Arriving he was soon engaged in a food fight with his roommate and oldest friend Phil Bleeth. The father of Jasmine Bleeth, formerly of Bay Watch, Phil now lives in Thailand.

While continuing to be friends today we live in similar but different worlds. The common ground is a passion for art and deep roots in both its history and contemporary practice.

We met recently for lunch in the Berkshires first just catching up. Then buckled down for the intensive dialogue that follows. It was interesting and fun. There will be more to explore the next time.

Charles Giuliano How did you get into becoming an art dealer?

Jim Jacobs A collector of mine, Frances Ditmer, asked for a favor for a friend. There was a man named Gerry Evans who wanted to buy a Franz Klein. I never met him but bid for him and bought the painting for $1.3 million. I did it as a favor.

At that time I was doing well with my work. That year I think I made close to $500,000. I was selling screens, paintings and outdoor sculptures. I had four assistants and was working 50 weeks a year. I was dealing with having employees and going out to dinner with people you don’t like. Some of being an artist is really not so much fun.

Evans called me from Europe and said I would like to take you and your wife out to dinner.

It sounds like I was making a lot of money but after the expenses not really.

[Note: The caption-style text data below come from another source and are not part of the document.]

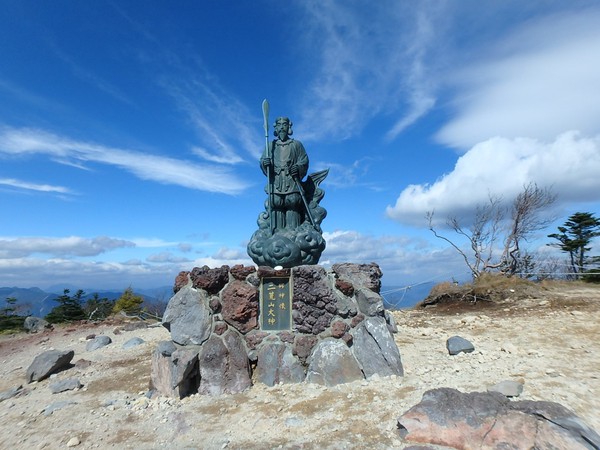栃木県の象徴に登るソロ登山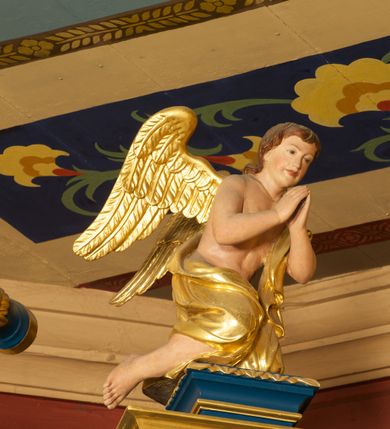 Zdjęcie nr 8: Ołtarz drewniany, prostopadłościenny, z kamienną mensą. Antepedium w formie obrazu z przedstawieniem Ostatniej Wieczerzy, ujętego profilowaną ramą. Na ołtarzu ustawione tabernakulum z tronem wystawienia. 
Nastawa architektoniczna, jednokondygnacyjna ze zwieńczeniem, trójosiowa z bramkami, ustawiona na dwustrefowym cokole z wyłamanymi czterema prostopadłościanami. Oś środkowa ujęta dwiema parami pilastrów oraz parą kolumn, na cokołach zwróconych pod kątem do wewnątrz ołtarza. Osie zewnętrzne ujęte parą pilastrów i stojących na ich tle kolumn. Wszystkie podpory dźwigają imposty, na osiach środkowy podpór zwrócone pod kątem do wewnątrz. Na parze skrajnych impostów fragmenty przerwanego, falistego przyczółka. W polu środkowym nisza w formie stojącego prostokąta zamkniętego łukiem półkolistym nadwieszonym, z uskokiem, ujęta profilowaną ramą, z obrazem Nauczania Marii. Na osiach bocznych figury św. Piotra i św. Pawła ustawione na wspornikach Zwieńczenie niearchitektoniczne, o formie zbliżonej do trapezu, o wklęsłych bokach z uszakami, zamknięte fragmentem falistego gzymsu. W polu obraz o fantazyjnej formie zbliżonej do trapezu z przedstawieniem św. Barbary, ujęty ornamentalną ramą. Zwieńczenie flankują dwie figury klęczących aniołów na cokołach. Nastawa dekorowana rocaille&#039;m w przestrzeni nad polem głównym oraz w partii zwieńczenia, ujęta uszami utworzonymi z rocaille&#039;u, kampanuli i ornamentu roślinnego. Na osiach bocznych zwisy kwiatowe. Bramki w formie przejść o wykroju stojącego prostokąta o wklęsłych górnych narożach, zamkniętego dwiema woltami i cokołami z imitacją puklowania, na których stoją figury niezidentyfikowanych monarchów. Struktura polichromowana w kolorze niebieskim, kolumny, profile i ornamentyka złocone. 






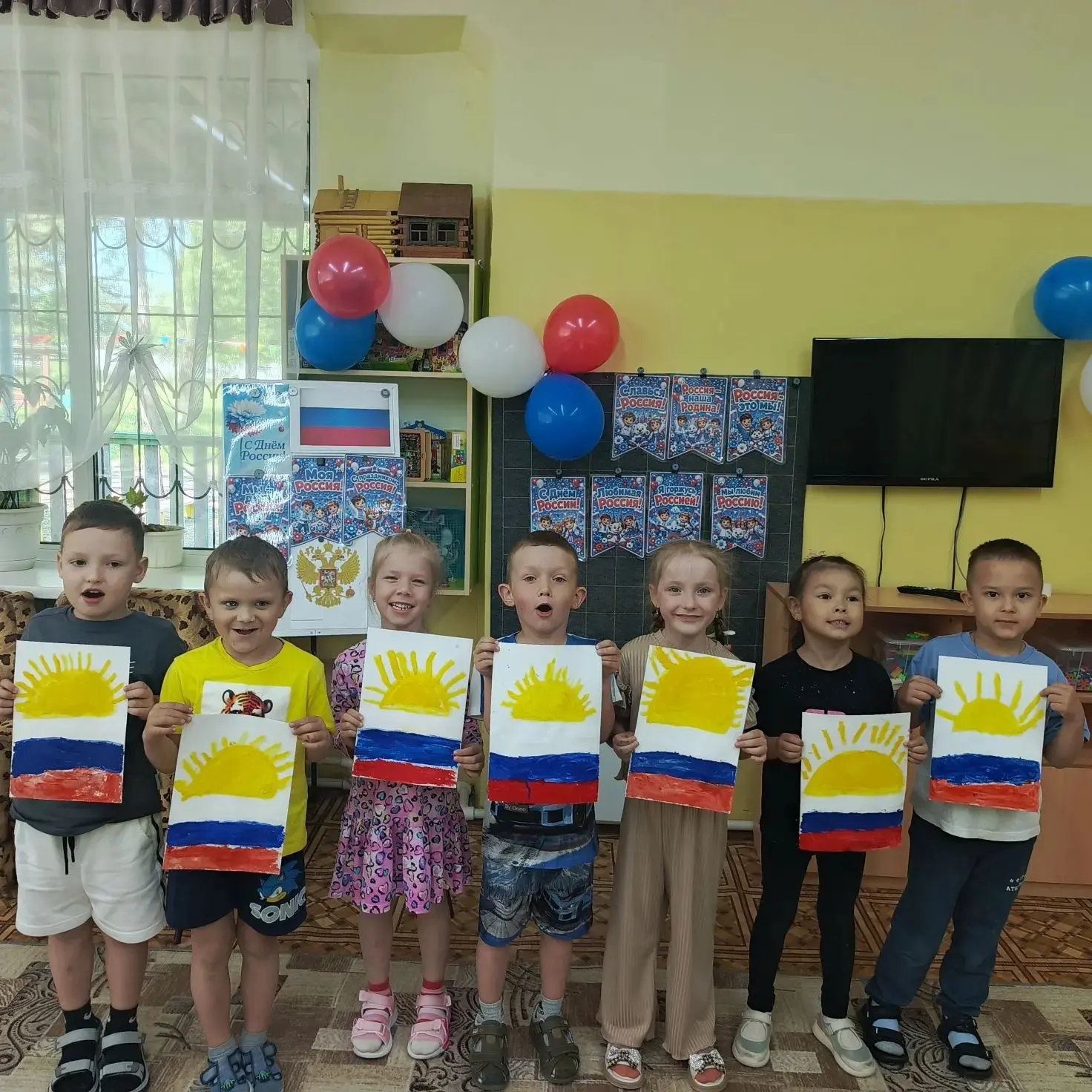 12 июня - День России🇷🇺🇷🇺🇷🇺
Рисование "Флаг России!"👫🇷🇺🌞🤝 - дети средней группы N 7.
Восп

About a week before he returned from Europe I had a friend who I had known from when I worked at Castelli (Gallery). He called me and said “Hey, you know a lot of wealthy people. I have a Picasso for sale. I went to look at the painting. It was a late portrait but quite beautifully painted. He said I could buy it from him for $1.5 million. Anything over that you can get is yours.

Ok. So he gave me a transparency which is how it was done at that time.

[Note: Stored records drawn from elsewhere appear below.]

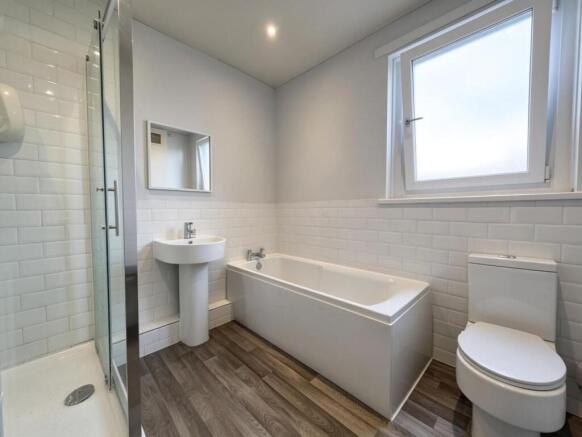 2 bed Terraced to rent Image 8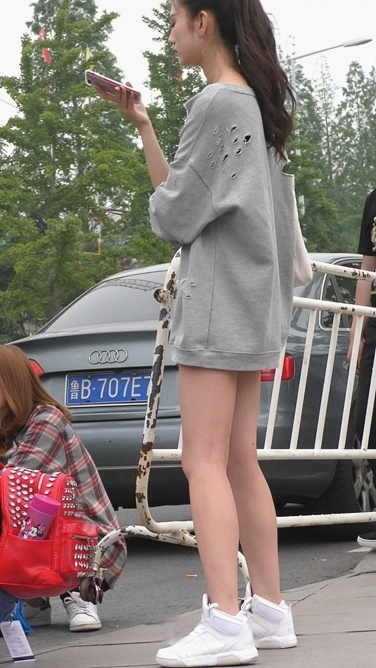 4K-街拍蓝色牛仔裤美女[1.55G/MP4]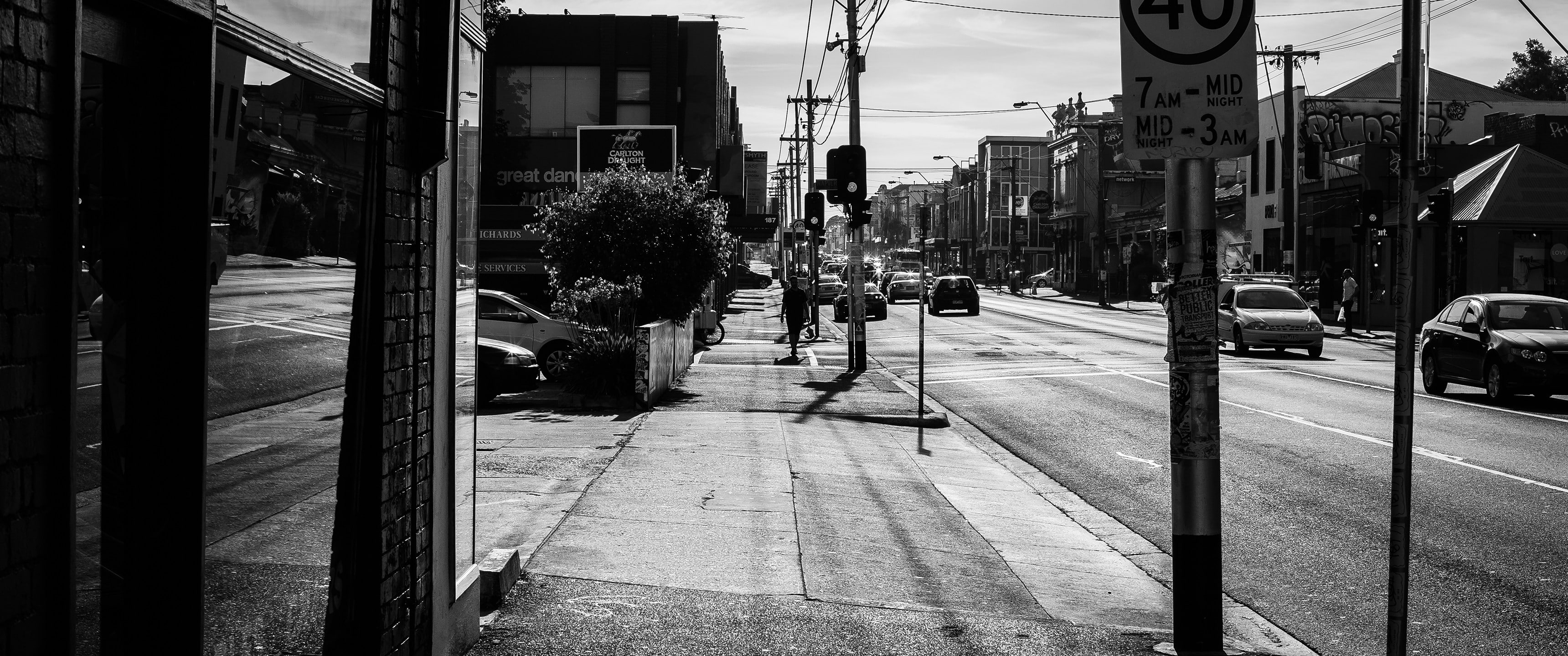 sidewalk, mode of transportation, nature, incidental people, outdoors, street, day, city life, building exterior, building, transportation, 2K, black, HD Wallpaper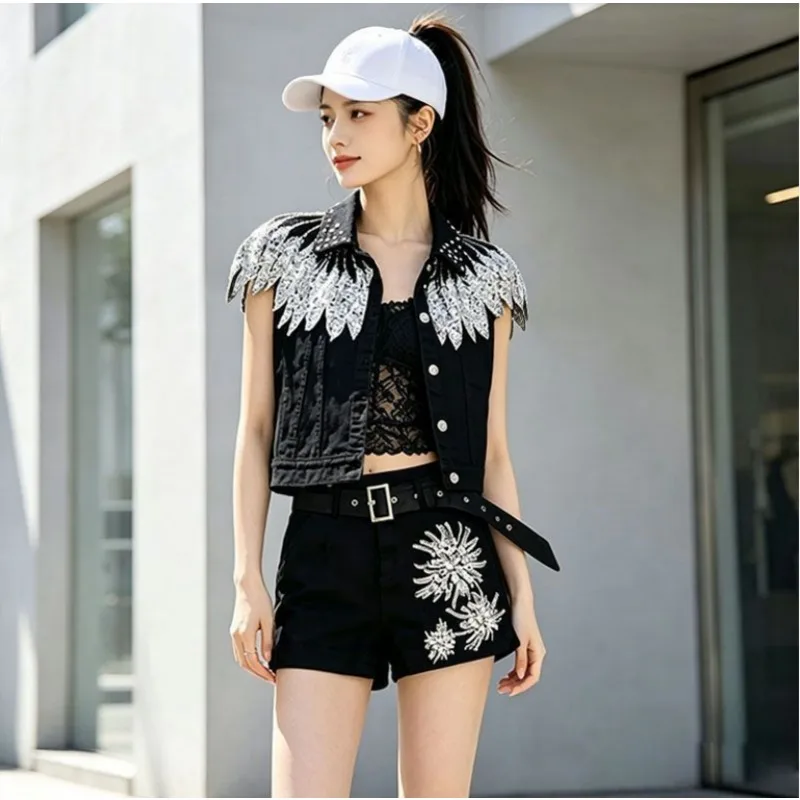2026 New Denim Set Featuring Heavy Rivets Tassels and Sequins Light Luxury Slimming Short Vest and Shorts Two-piece Set Fashion
2026 New Denim Set Featuring Heavy Rivets Tassels and Sequins Light Luxury Slimming Short Vest and Shorts Two-piece Set Fashion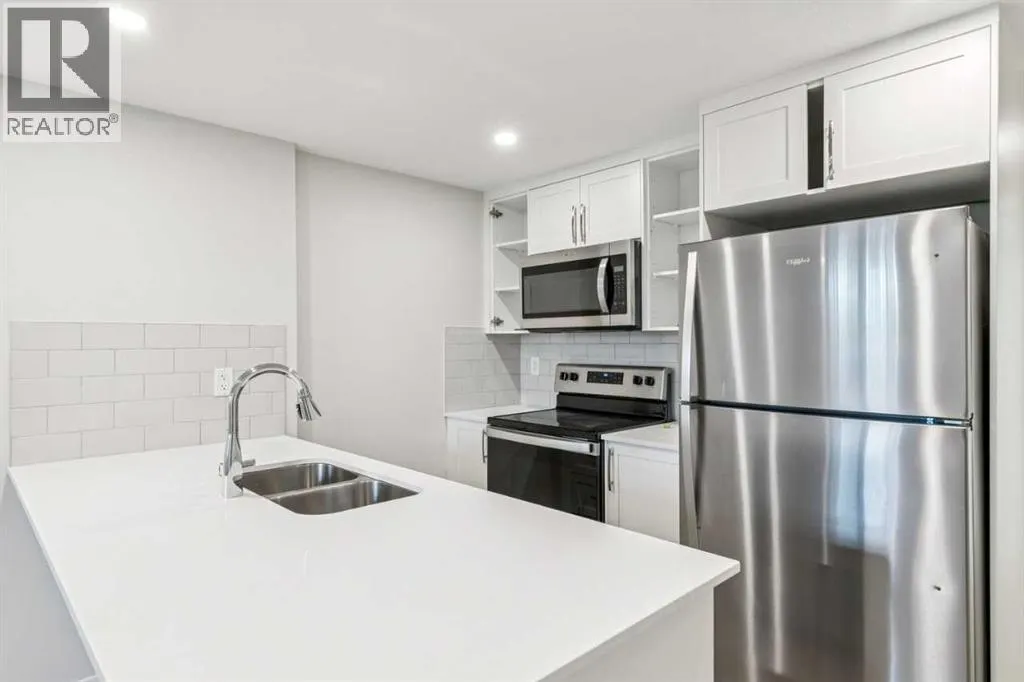 1112, 135 Mahogany Parade SE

We went to dinner and he asked what I was doing. I said that I was painting and selling some paintings on the side. So I pulled out the transparency.

CG Right there and then.

JJ He said I’ll give you $1.8 million. He said I like it a lot will you go see it for me. I said it’s in Texas. He said I’ll rent a jet for you.

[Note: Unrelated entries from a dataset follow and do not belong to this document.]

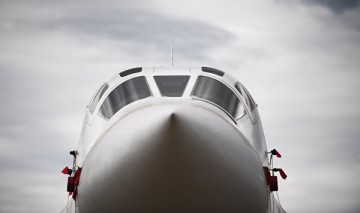 На аэродроме в ЮАР приземлились два российских ракетоносца Ту-160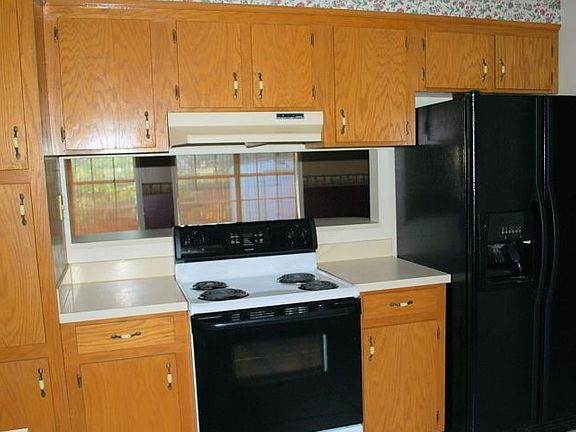 2nd image of 1007 Meadowbrook Dr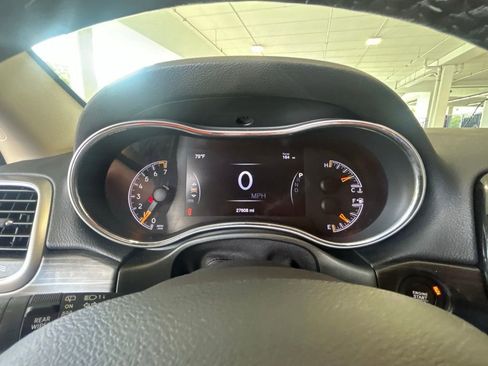 Used 2020 Jeep Grand Cherokee Limited image 40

CG Now you own two planes as well as a helicopter.

JJ Yes. So I flew to Texas and looked at the painting. He said what do you think? I said it’s really beautiful. Fine. Done. He sent me a check for $1.8 million. I sent Ed Mayhem a check for $1.5 million and I made $300,000 over dinner.

I said to myself, you’re in the wrong business. Over the next couple of years I slowly stopped painting and became an art dealer. I love being an art dealer. When I was 18 I loved being an art dealer. My first job in New York was at the Alan Gallery.

CG Charles Allen. A tiny space on the second floor on Madison Avenue.

JJ We showed Bruce Conner some of the new realists, Jack Levine. Suzi Gablick. It was an interesting gallery. Just Charles and myself.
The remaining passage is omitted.